L’absence d’une sélectivité rigoureuse fait du domaine de la magistrature un système à deux vitesses, explique Faouzi Maalaoui. « Les plus médiocres se dirigent vers le droit pénal qui est plus facile comparé au droit civil ou fiscal par exemple. Au niveau académique s’ajoute le caractère du magistrat. En étant plus jeunes et inexpérimentés, les magistrats se montrent plus sévères dans la prononciation des peines privatives de liberté. C’est encore plus le cas lorsqu’il s’agit d’une magistrate. Le fait d’être rodé et d’avoir de l’expérience dans le domaine permettent de comprendre la complexité de l’être humain et qu’une peine de prison lourde ne résout pas toujours tout », souligne-t-il.
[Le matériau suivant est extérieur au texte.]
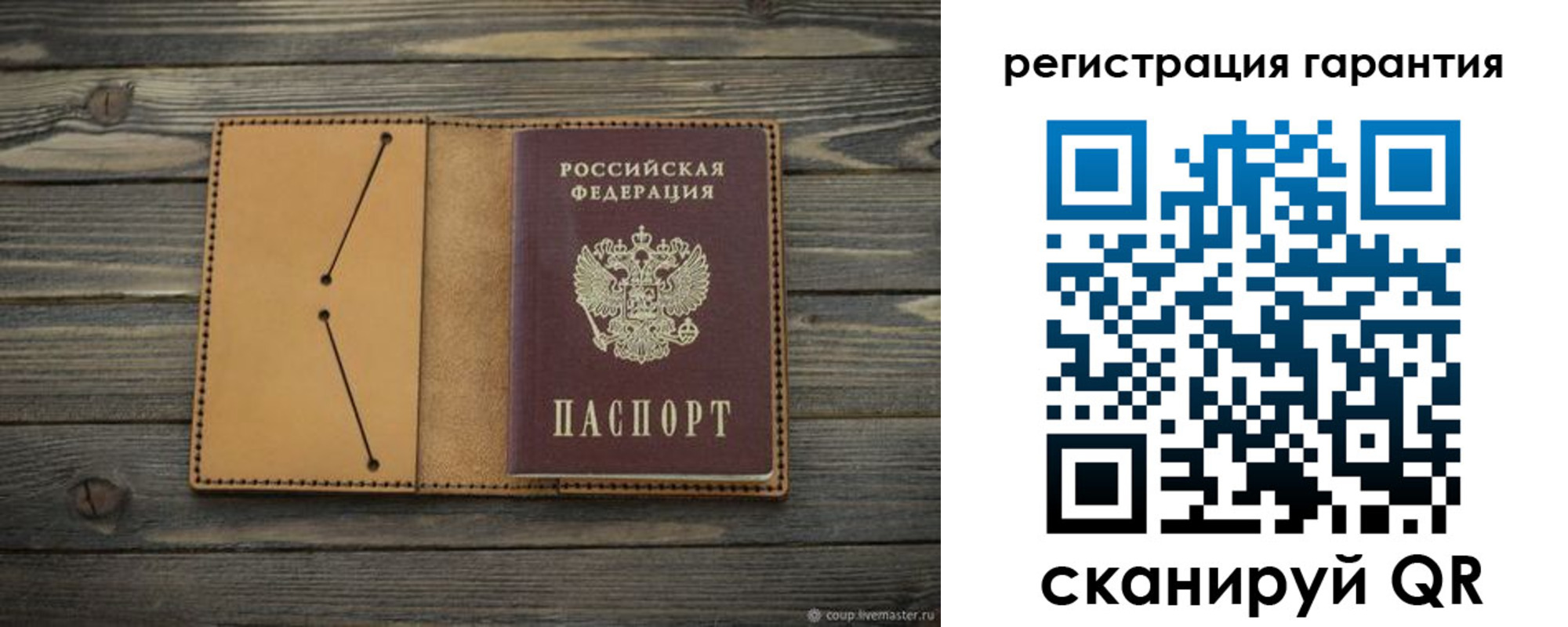 где прописаться в Кумертау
Pour l’avocat, c’est l’incompétence qui érode le système judiciaire plus que la corruption. Il plaide ainsi pour la hausse des revenus des magistrats pour rendre ce domaine plus compétitif. D’après lui, les plus brillants parmi les juristes ne choisissent plus la magistrature mais l’enseignement supérieur ou le barreau. «Beaucoup ont d’ailleurs démissionné pour ouvrir des cabinets d’avocats, quand d’autres sont partis travailler dans les pays du Golfe ». Et d’alerter : « Le fait que les meilleurs partent posent la problématique de la formation des nouveaux. Au-delà de la formation académique, l’exercice du métier passe par la transmission par les pairs. Si les plus compétents parmi eux ne sont plus là, qui va assurer une passation de qualité ? », s’inquiète-t-il.
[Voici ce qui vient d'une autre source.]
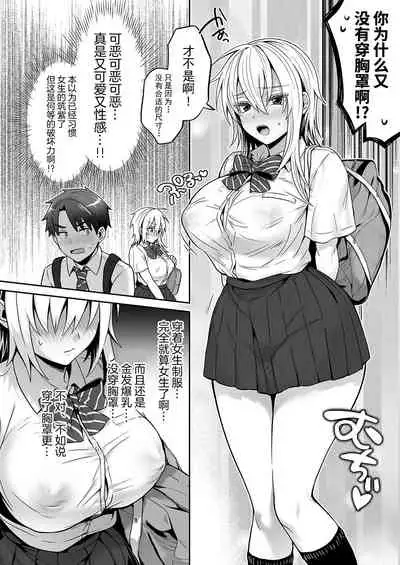 [UTEN+ (Uten Ameka)] Ore no Shinyuu wa TS (Seitenka) Taishitsu 3 [Chinese] [不可视汉化] [Digital]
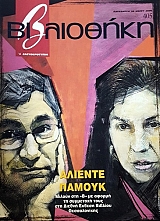 ���������� 405 ������� ������ (47.329�)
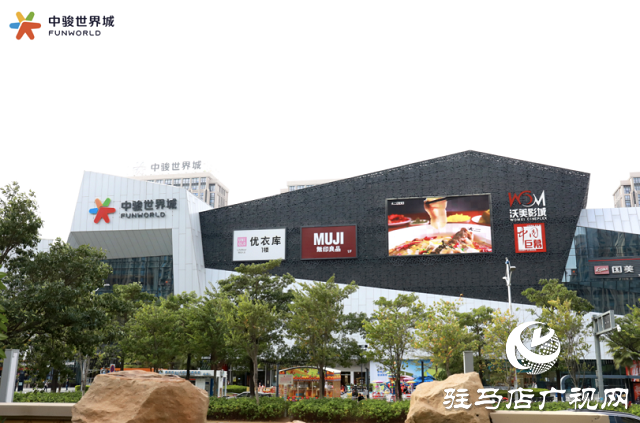 駿啟芯世界，鑒定新繁華！2020駐馬店中駿世界城品牌行圓滿結束！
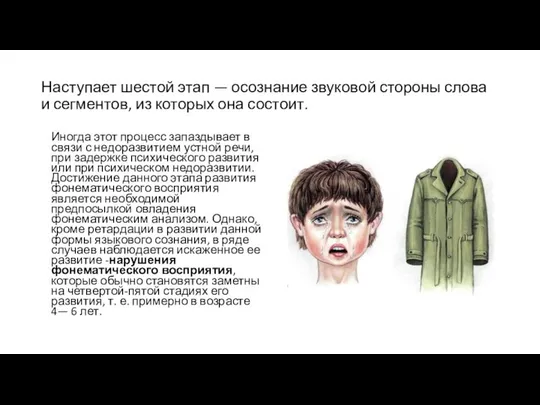 Наступает шестой этап — осознание звуковой стороны слова и сегментов, из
D’après Fathi Zabaar, ayant lui-même été consultant dans des sessions de formations organisées par la société civile et dispensés aux magistrats sur les thématiques liées aux droits humains, le ministère de la Justice mais aussi les magistrats sont conscients du déficit dans l’acquisition des outils relatifs aux droits de l’Homme. Ces sessions ont permis la formation de 1600 magistrats aux droits civils et politiques. Par ailleurs, certains magistrats administratifs sont invités à suivre des sessions sur les droits économiques, sociaux et culturels.

Dans ce contexte, les appels à une refonte du pouvoir judiciaire sont récurrents. Face à ces défaillances, cette refonte doit commencer par le commencement, en l’occurrence la formation des magistrats. Difficile de remédier aux dérives du système avec une corporation composée de piètres magistrats.